The Cat from Outer Space (1978) poster

The Cat from Outer Space (1978)

Rating:


USA. 1978.

Crew

Director – Norman Tokar, Screenplay – Ted Key, Producer – Ron Miller, Photography – Charles F. Wheeler, Music – Lalo Schifrin, Special Effects – Art Cruickshank, Danny Lee & Eustace Lycett, Art Direction – Preston Ames & John B. Mansbridge. Production Company – Disney.

Cast

Ken Berry (Dr Frank Wilson), Ronnie Schell (Voice of Zunar J5-9 Doric 47 ‘Jake’/Sergeant Duffy), Sandy Duncan (Dr Liz Barrett), Harry Morgan (General Stilton), McLean Stevenson (Dr Norman Link), Roddy McDowall (Stallwood), William Prince (Mr Olympus)


Plot

A damaged UFO comes down on a farm. The inhabitant, a cat, emerges unnoticed as the military come. The ship is taken to the Energy Research Laboratory where scientists attempt to find out what powers it. The cat goes to one of the scientists Frank Wilson, who adopts it, naming it Jake.
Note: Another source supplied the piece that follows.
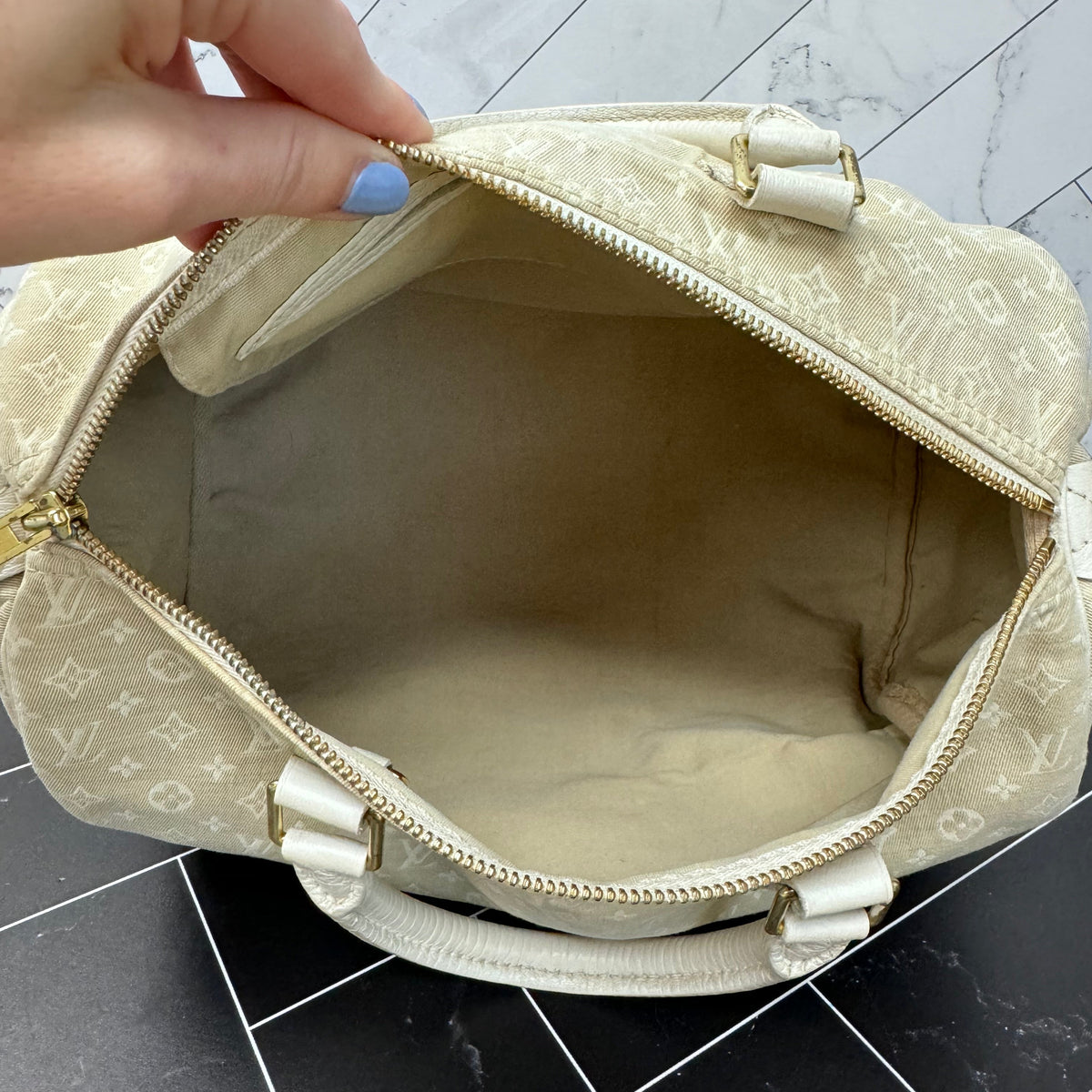 LIKE NEW Gucci Python Small Jackie Bag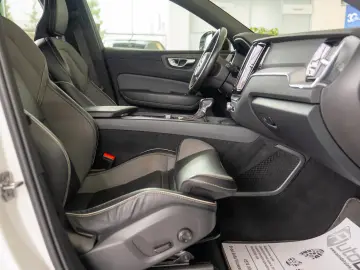 Volvo XC 60 2.0 T4 Geartronic  R-Design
The cat then speaks to Frank, telling him its real name is Zunar J5/9 Doric 47 and demonstrating a range of telekinetic abilities, produced by the collar it wears. It must return and dock with its mothership within a matter of days or be abandoned on Earth for the next eleven years. Frank sets about trying to help Jake but Jake then announces that he needs the equivalent of $120,000 in gold to power the ship. Their only recourse is to win the money at the gambling table, aided by Jake’s psychic powers.


At the time that they made The Cat from Outer Space, Disney were having great success with a series of live-action slapstick comedies, with the likes of the Herbie the Love Bug, Dexter Reilly and Witch Mountain films, The Apple Dumpling Gang (1976) and Freaky Friday (1976). In fact, these comedies had come to almost entirely supersede their production of animated films during this era.
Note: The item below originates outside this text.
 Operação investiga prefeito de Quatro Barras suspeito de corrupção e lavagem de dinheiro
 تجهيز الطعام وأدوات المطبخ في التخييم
1978 was also the year after Star Wars (1977) had made a huge hit and found Disney turning their formula to science-fictional themes to exploit the fad – something that became bloated with the following year’s The Black Hole (1979). The Cat from Outer Space is an enjoyably silly effort that shows Disney trying to bend their live-action formula to take on science-fiction themes.
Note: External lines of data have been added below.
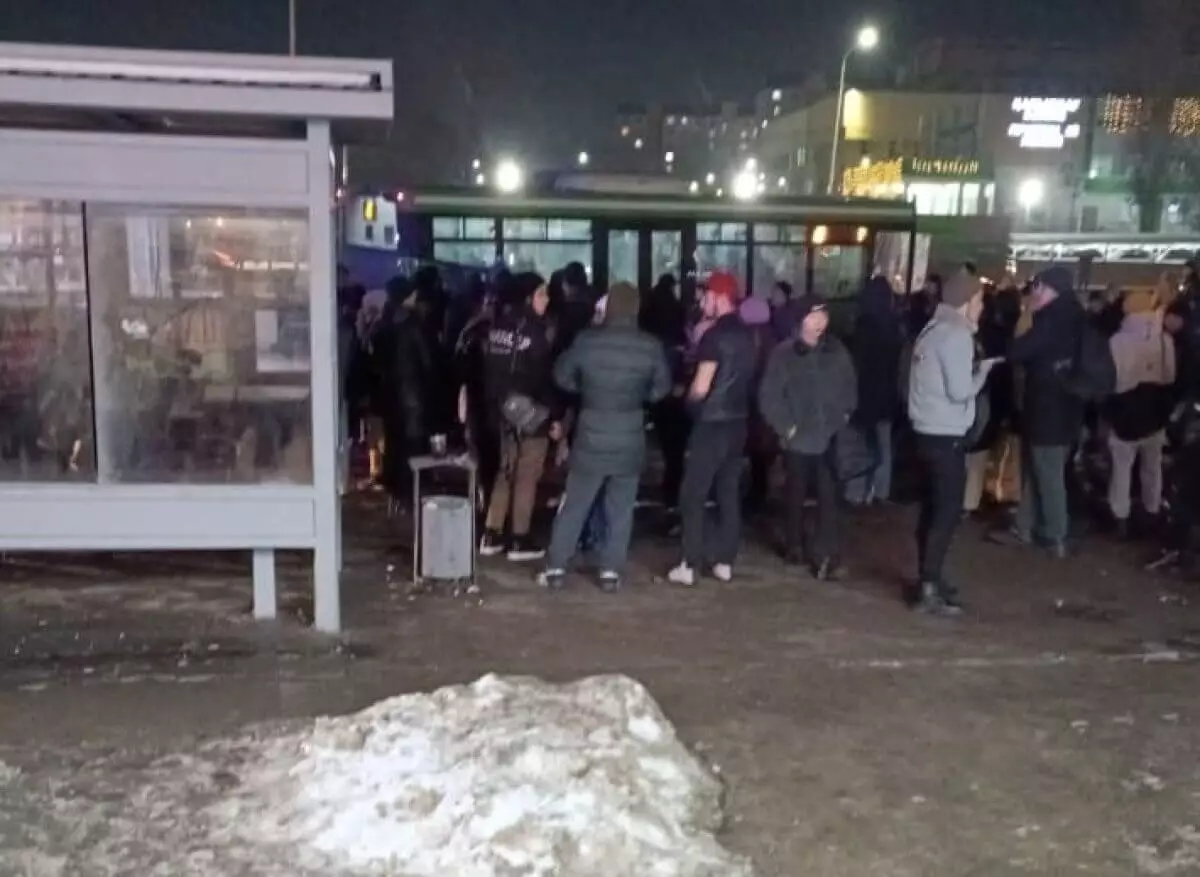 Депутат назвал актом терроризма нападение на водителя автобуса в Алматы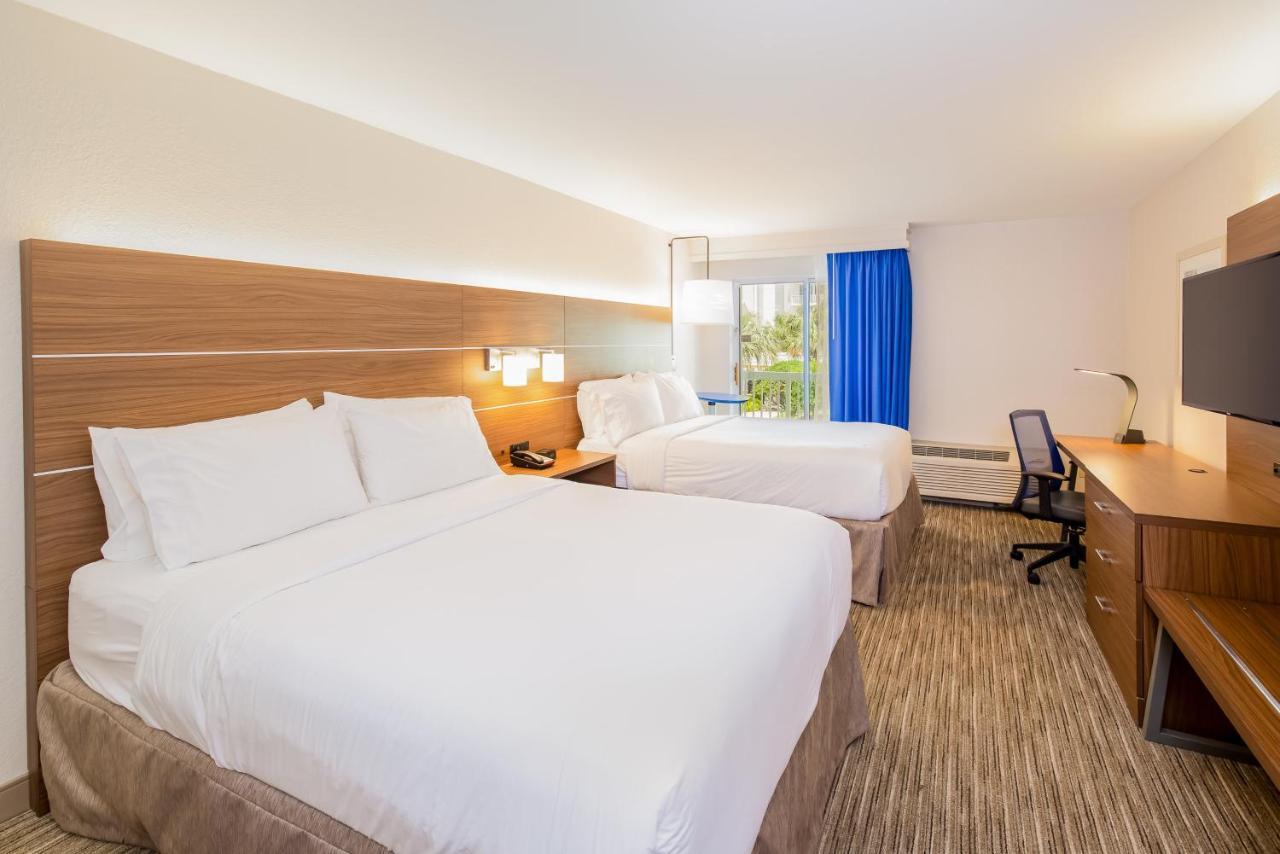 Resort Express Orange - On The By Ihg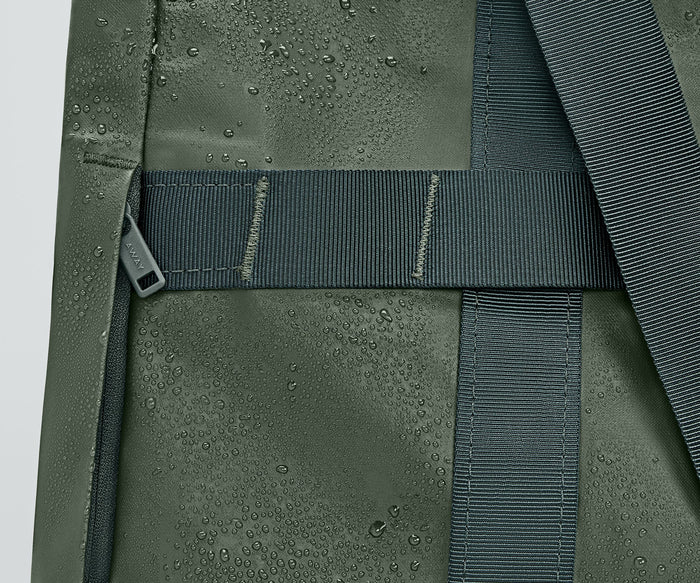 Water droplets on the water-repellent fabric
Zunar J5-9 Doric 47 or Jake aka The Cat from Outer Space (1978)
Zunar J5-9 Doric 47 or Jake the Cat (voiced by Ronnie Schell)

Like most of these live-action Disney films, the film is only held together by a series of slapstick sequences. The basic idea is slender. Mostly the cat and its psychic powers are the springboard for a series of enjoyable effects sequences as per the Witch Mountain films – the cat causing a cello and oboe to play by themselves; the pool game sequence where Sandy Duncan is aided by Jake’s powers.

In what became a standing trope in Disney films, there are lots of scenes of people flying – Ken Berry and the cat flying around the saucer, a chase sequence where a motorcycle takes to the air over a fence, and an extended climax with the cat flying a biplane and Ken Berry having to conduct a mid-air rescue from a helicopter. The film is only set around these set-pieces and is slight, if amiable.